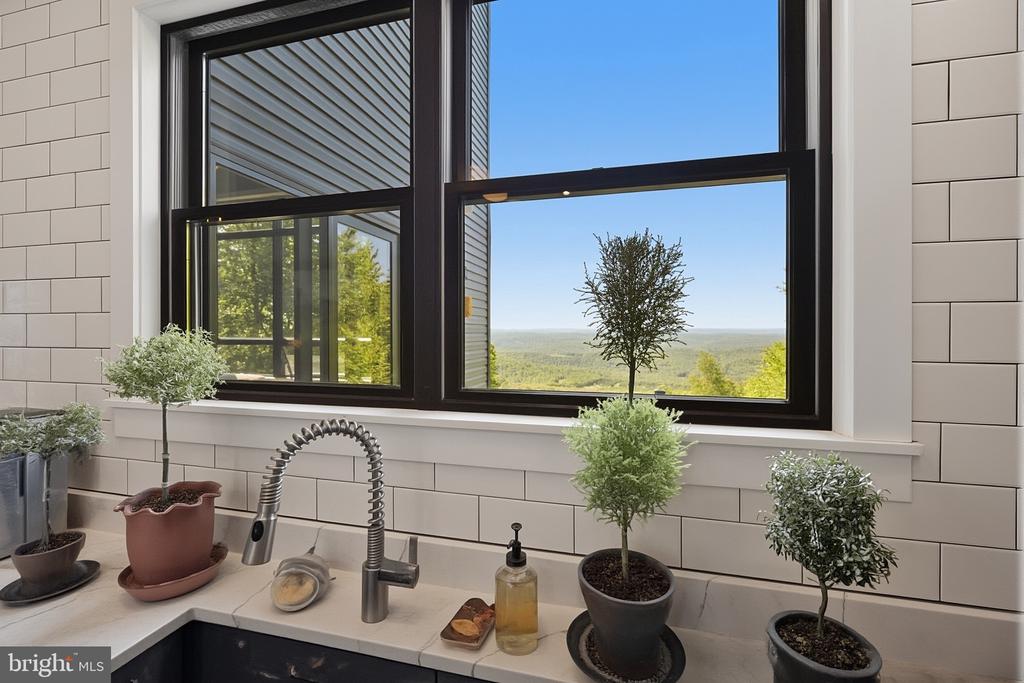 211 HIGH POINT RIDGE ROAD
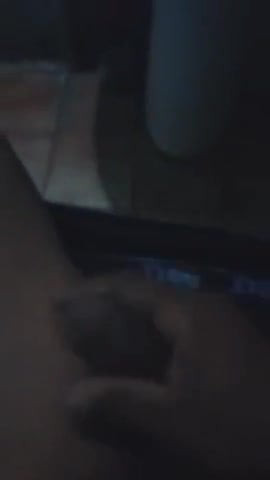Lanka gay masturbación con la mano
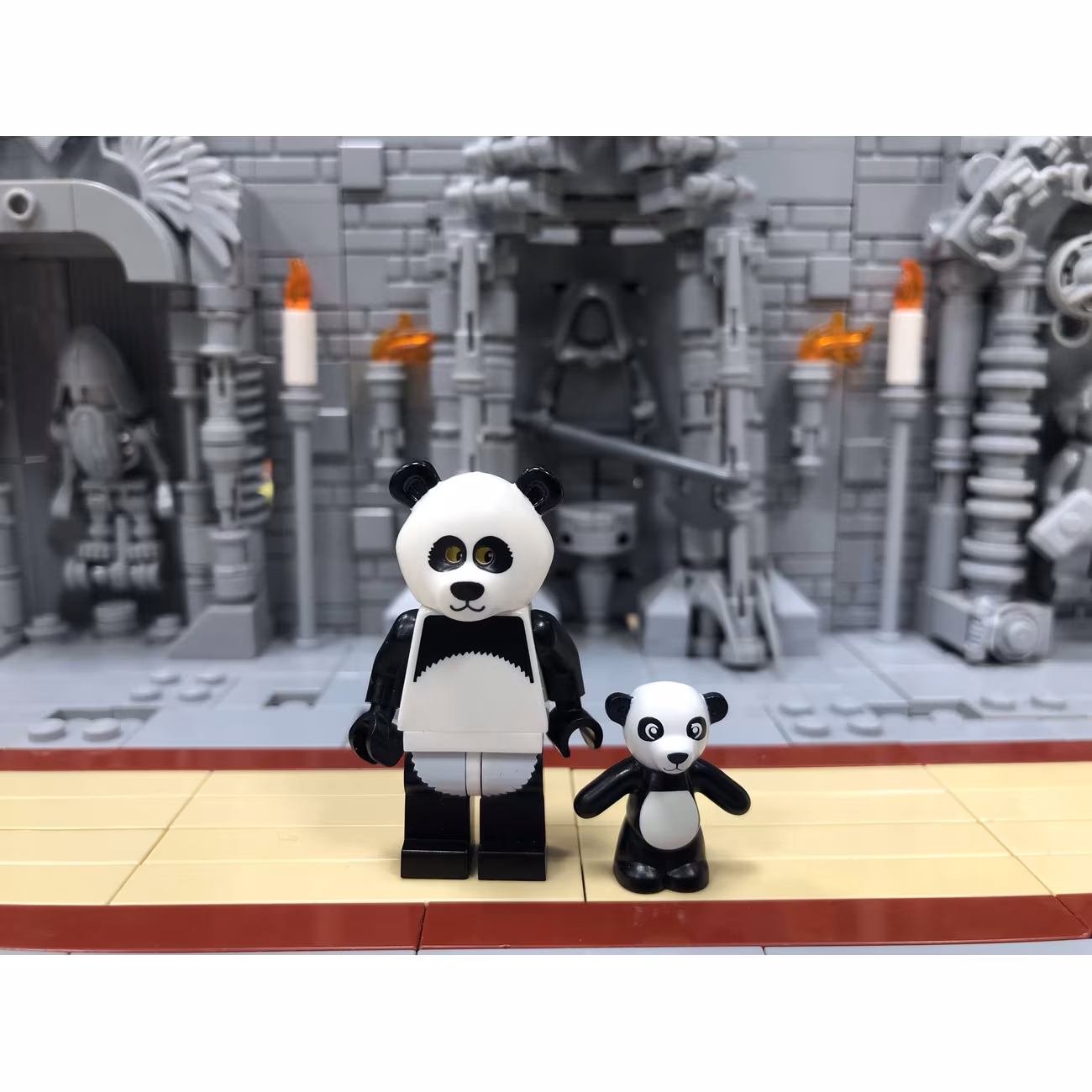 Panda Guy, The LEGO Movie (Complete Set with Stand and Accessories) Panda Guy, The LEGO Movie (Complete Set with Stand and Accessories)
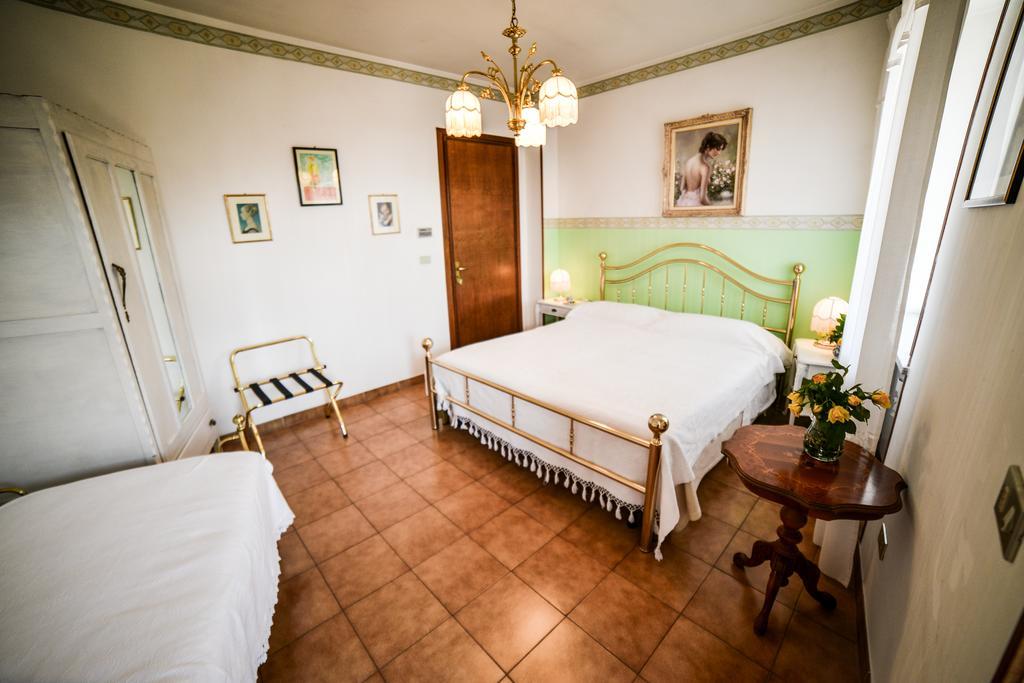 B&B La Casa Gialla Di Luca Mazze Экстерьер фото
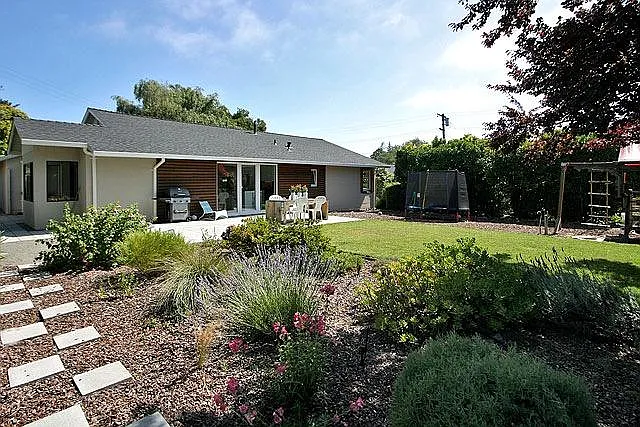 531 Kenyon Ave — Photo 18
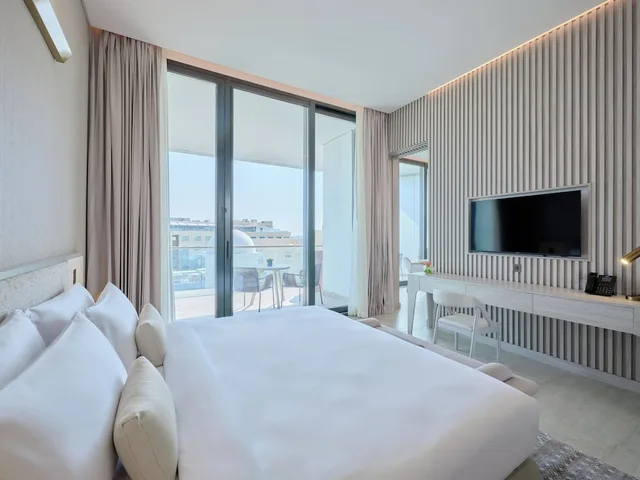 جناح بسرير كينج بشرفة بغرفة نوم واحدة، Arabella Beach Hotel Kuwait, Vignette Collection 3/5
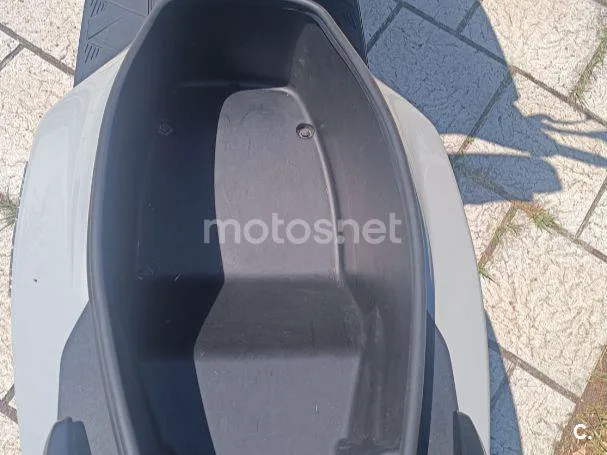 Kymco Sky Town 125 - Vista 10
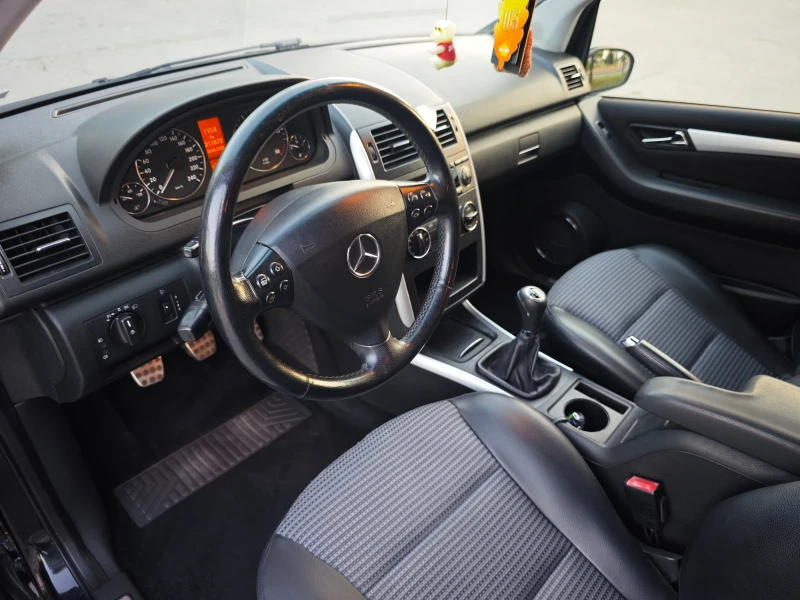 Mercedes-Benz A 180 Avangarde Темпомат , снимка 6 - Автомобили и джипове - 50817438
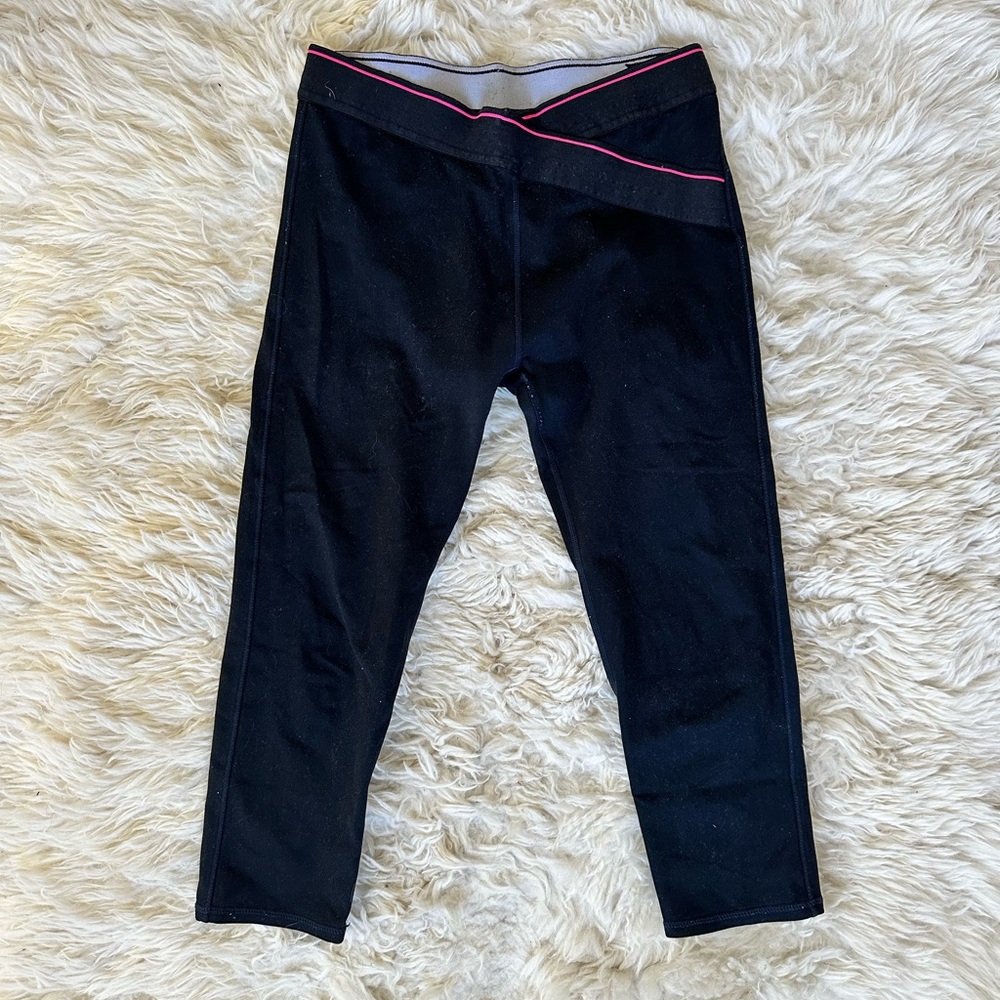 Fabletics Black Leggings Streamlined Stretchy Design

Aim of the task - The result should be the material above, unchanged and free of pictures; please print it.

Answer -
 211 HIGH POINT RIDGE ROAD
Lanka gay masturbación con la mano
 Panda Guy, The LEGO Movie (Complete Set with Stand and Accessories) Panda Guy, The LEGO Movie (Complete Set with Stand and Accessories)
 B&B La Casa Gialla Di Luca Mazze Экстерьер фото
 531 Kenyon Ave — Photo 18
 جناح بسرير كينج بشرفة بغرفة نوم واحدة، Arabella Beach Hotel Kuwait, Vignette Collection 3/5
 Kymco Sky Town 125 - Vista 10
 Mercedes-Benz A 180 Avangarde Темпомат , снимка 6 - Автомобили и джипове - 50817438
 Fabletics Black Leggings Streamlined Stretchy Design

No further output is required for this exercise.